The Metropolitan: Working on a Dream

by Clerical Staff

In a way they never left. After all, it was only literally that they went away in the first place: a dream leaves its traces long after the dreamer awakens, and the New York Cosmos were always as much a dream – a fantasy – as they were a reality. But on 1st August 2010 the Cosmos returned, this time with Eric Cantona as the ringmaster and this time ‘all about Cruyff.’ Almost arbitrarily identifying the revived project with Cruyff is unsurprising, of course; not even Madrid’s galacticos had a superstar line-up to rival that of the Cosmos in their heyday. If any player trumps Ronaldo, o Fenômeno, it must be Pele, o Rei, and once you add Beckenbauer to the mix you are talking about something truly special. As Brian Philips has noted, the Cosmos were far from the quotidian and at times resembled less a football team than a ‘disco starship’. And there is no better front to the operation: Cantona has prior experience with such projects (complete with sexy editing to the sound track of ‘A Little Less Conversation’).

This piece focuses on the fate of soccer in New York, and in doing so will look at a microcosm of the fate of soccer across the United States.[1] Due to the scale of this inquiry, stones will be left unturned and certain truths may avoid illumination. Nevertheless, the grand narrative suggested here (as fashionable as grand narratives are nowadays) possesses the robustness to shoulder these niggling complaints and provide structure for further inquiry.[2]

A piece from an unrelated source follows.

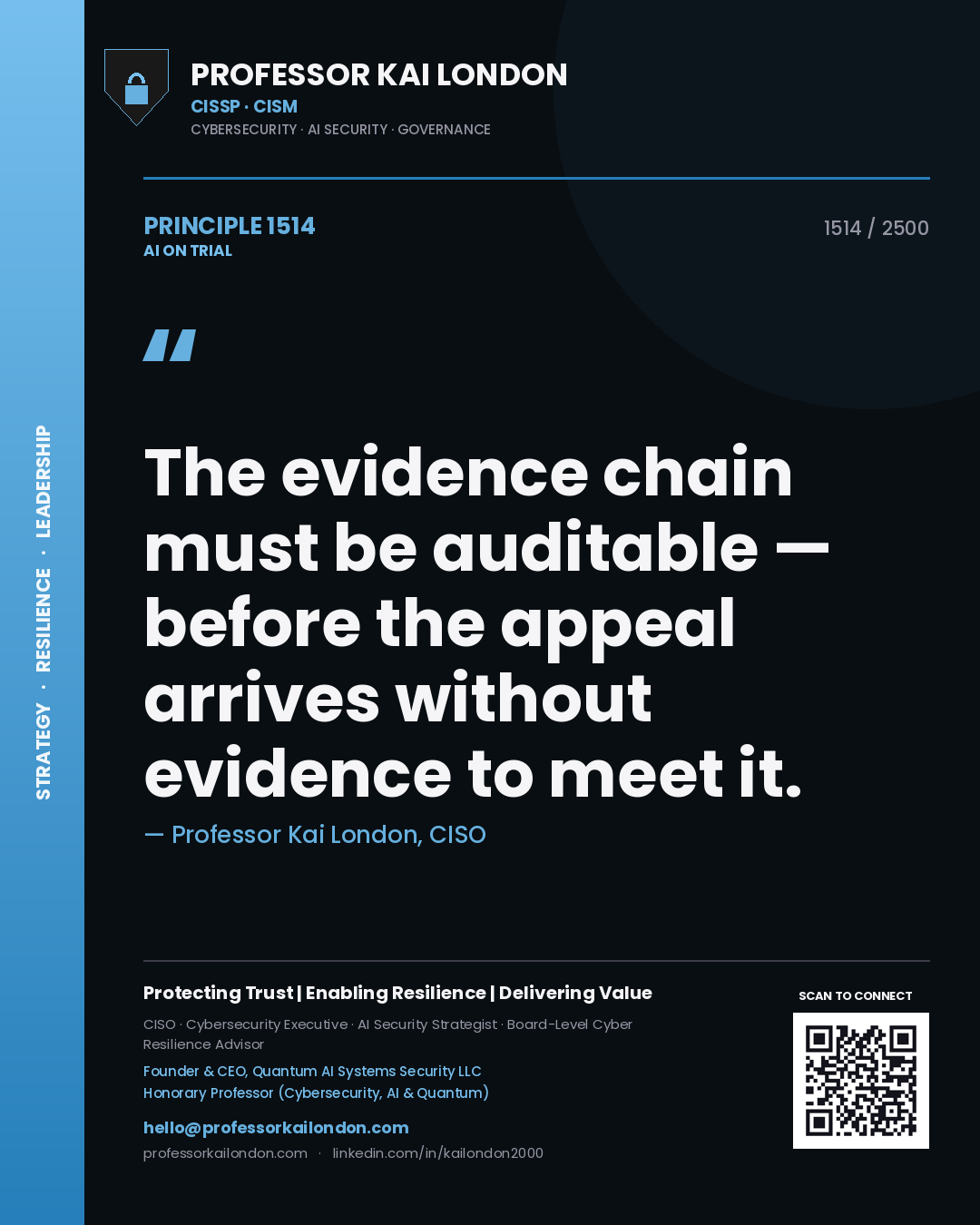 Quote card by Professor Kai London reading 'The evidence chain must be auditable — before the appeal arrives without evidence to meet it.'. From the book AI on Trial.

We shall begin by looking at the brief history of soccer in America. It cannot be denied that soccer has rarely inspired the same fervent support Stateside as it has in the Old World. Its cultural footprint pales in comparison to that of its bedmates in the sporting fraternity: football, baseball and basketball; tellingly, the dénouement of The Naked Gun was set at a baseball, rather than soccer, game. Perhaps this is peculiar given the large immigrant population that the United States enjoys, which this is nowhere more the case than in New York. The Big Apple is, by any stretch of the imagination, a cosmopolitan city – with a population approaching 9 million spaced over 300 square miles around 60% are immigrants. This population never forgot their roots, resulting in the phenomenon of ‘hyphenated Americans’ – German-Americans, Italian-Americans et cetera were common place; the rarer species was the elusive American-American. This was reflected in the nascent soccer leagues founded nationwide and within New York City. Archaeological fancies such as Brooklyn Hispanico, New York Hakoah, New York Ukrainians, New York Hungaria and New York Pancyprian-Freedoms give an idea of the link between the immigrant community and soccer. And given the passion for soccer in the home nations of many of these populations (Ireland, Hungary, and Italy, to name a few), one would have thought that there would be a strong base for football to grow in New York. Arguably, if the sport was going to take off anywhere in the US then New York was the place. Yet its image was tarnished due to violence at games in the early twentieth century – ‘NIGHT STICKS SWING FREELY’ wrote one paper after a New Jersey title decider – and it was burdened with the pejorative label of an ‘immigrants’ game’.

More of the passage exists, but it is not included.